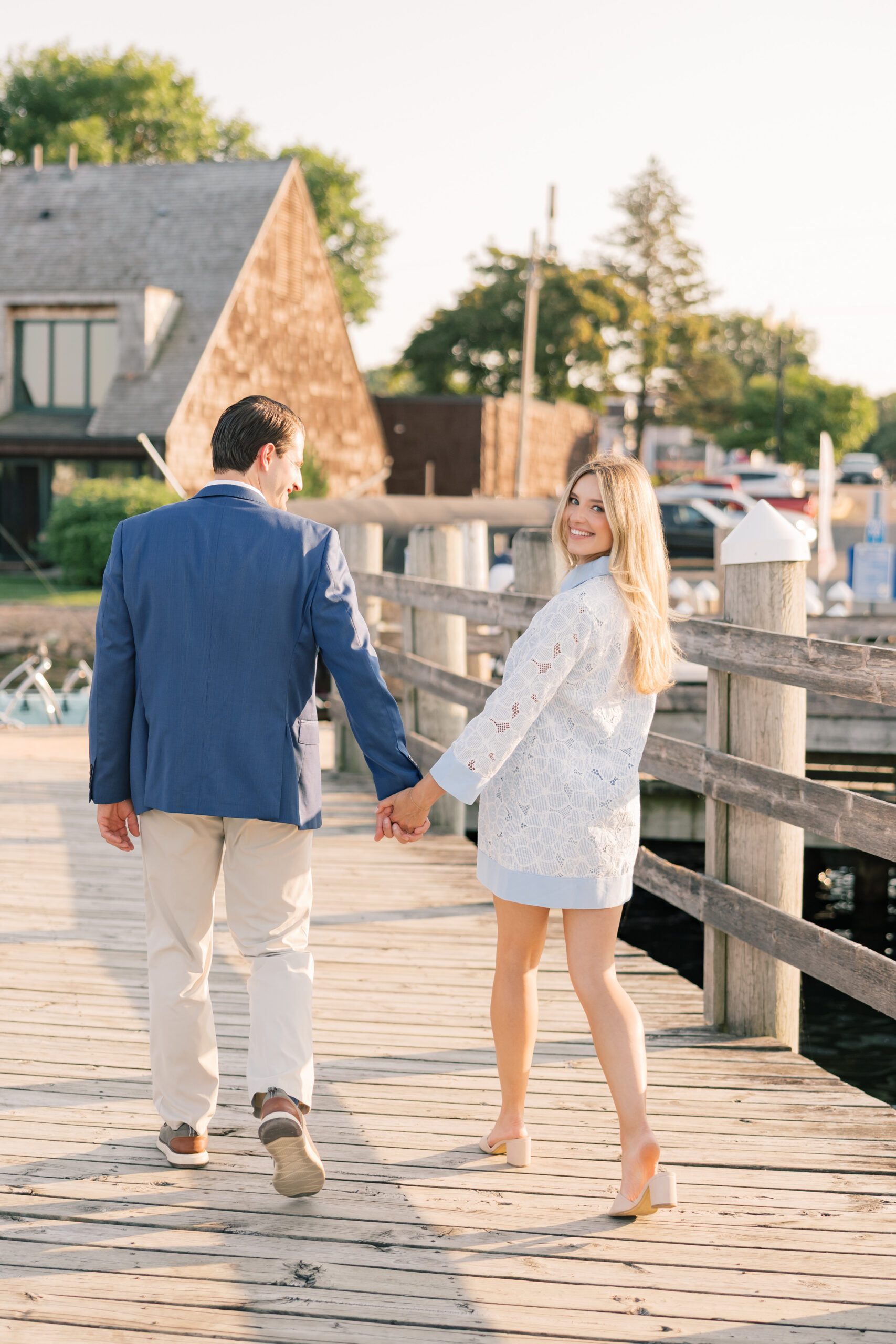 Engaged woman glancing back over her shoulder with a smile as she walks away holding her partner's hand on a dock in Excelsior, Minnesota, summer golden hour engagement session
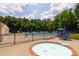 Inviting community pool with a separate hot tub area, sun loungers, and shady umbrellas for a relaxing atmosphere at 4121 Cedar Point Ave # 28, Stallings, NC 28104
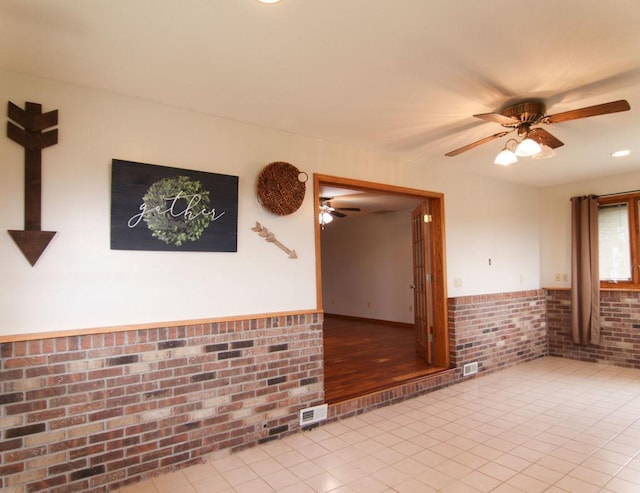 spare room featuring light tile patterned floors, a wainscoted wall, brick wall, visible vents, and a ceiling fan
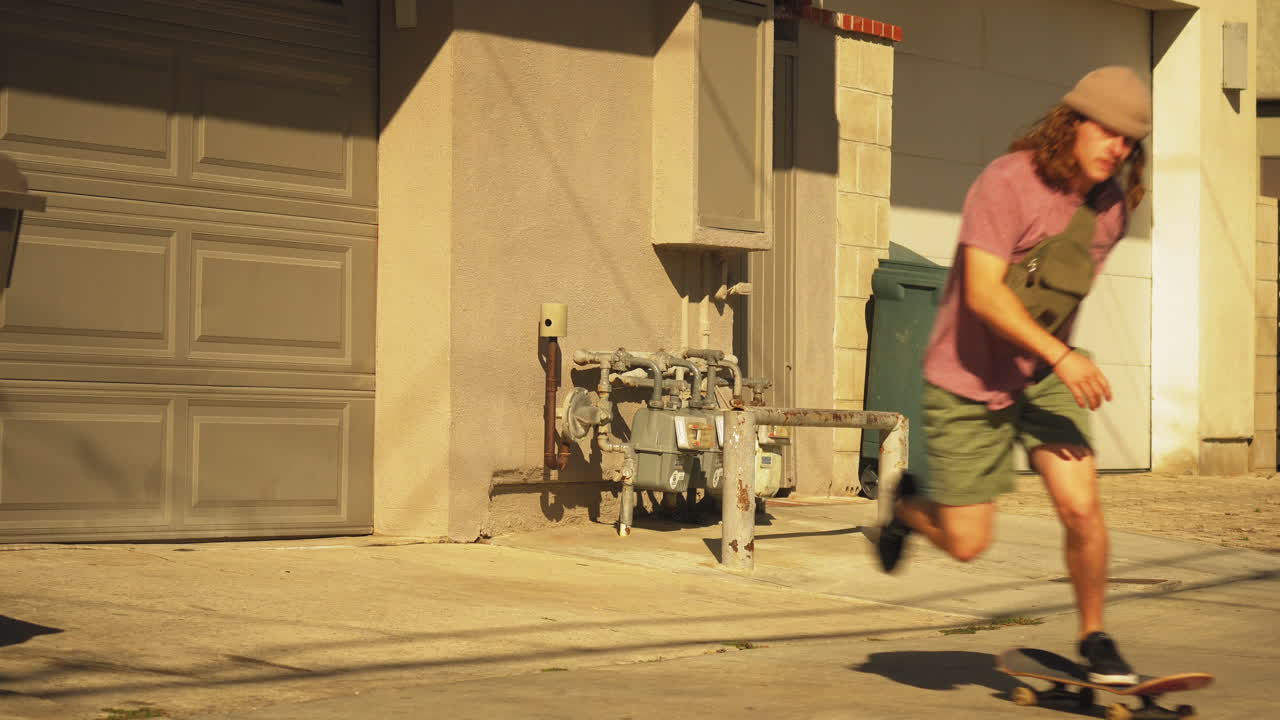 un adulto joven con el pelo rizado hace trucos de monopatín en viejas tuberías domésticas
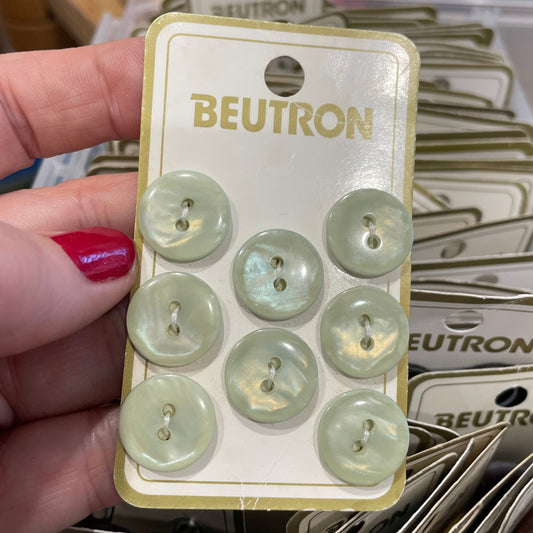 Pack of light green buttons with 'Beutron' branding held by a hand.
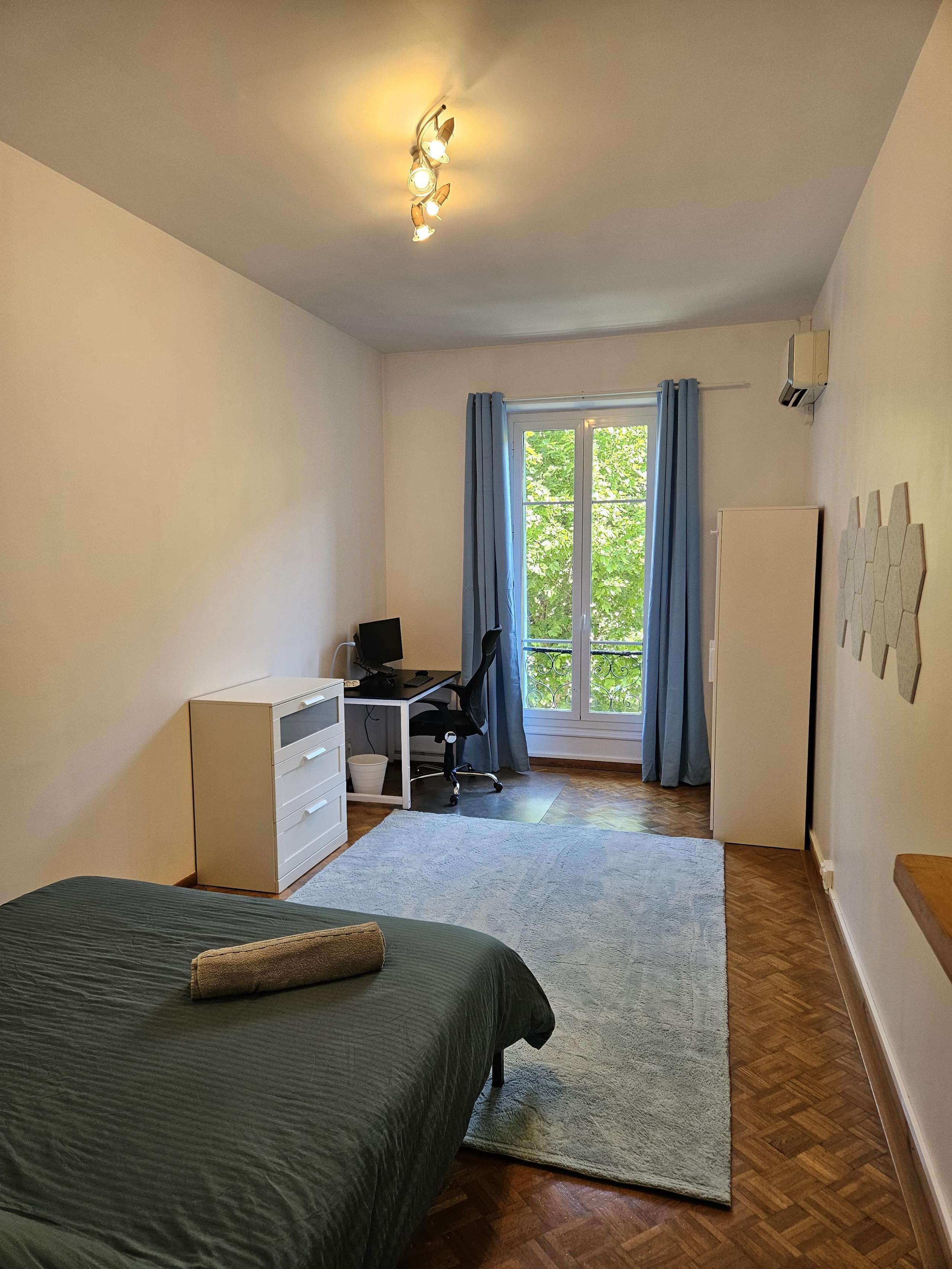 Private room Mont Boron showing bed, desk with monitor, wardrobe and window with blue curtains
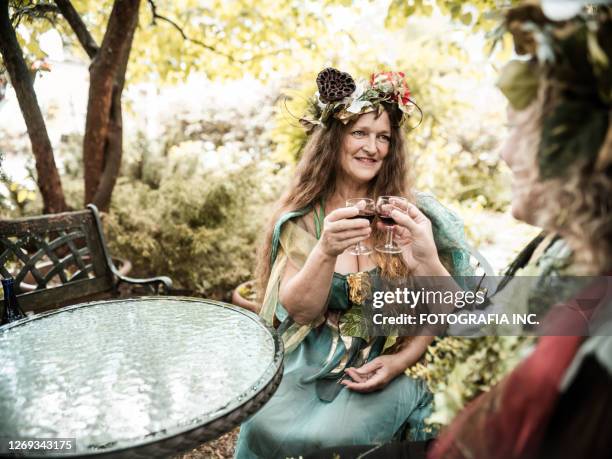 two girlfriends having a drink of vino - cosplay disney stock pictures, royalty-free photos & images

> **REQUIRED WORK**
Word for word, repeat all of the entries above, leaving out the pictures.

> **REPLY TO THE TASK**
 Engaged woman glancing back over her shoulder with a smile as she walks away holding her partner's hand on a dock in Excelsior, Minnesota, summer golden hour engagement session
 Inviting community pool with a separate hot tub area, sun loungers, and shady umbrellas for a relaxing atmosphere at 4121 Cedar Point Ave # 28, Stallings, NC 28104
 spare room featuring light tile patterned floors, a wainscoted wall, brick wall, visible vents, and a ceiling fan
 un adulto joven con el pelo rizado hace trucos de monopatín en viejas tuberías domésticas
 Pack of light green buttons with 'Beutron' branding held by a hand.
 Private room Mont Boron showing bed, desk with monitor, wardrobe and window with blue curtains
 two girlfriends having a drink of vino - cosplay disney stock pictures, royalty-free photos & images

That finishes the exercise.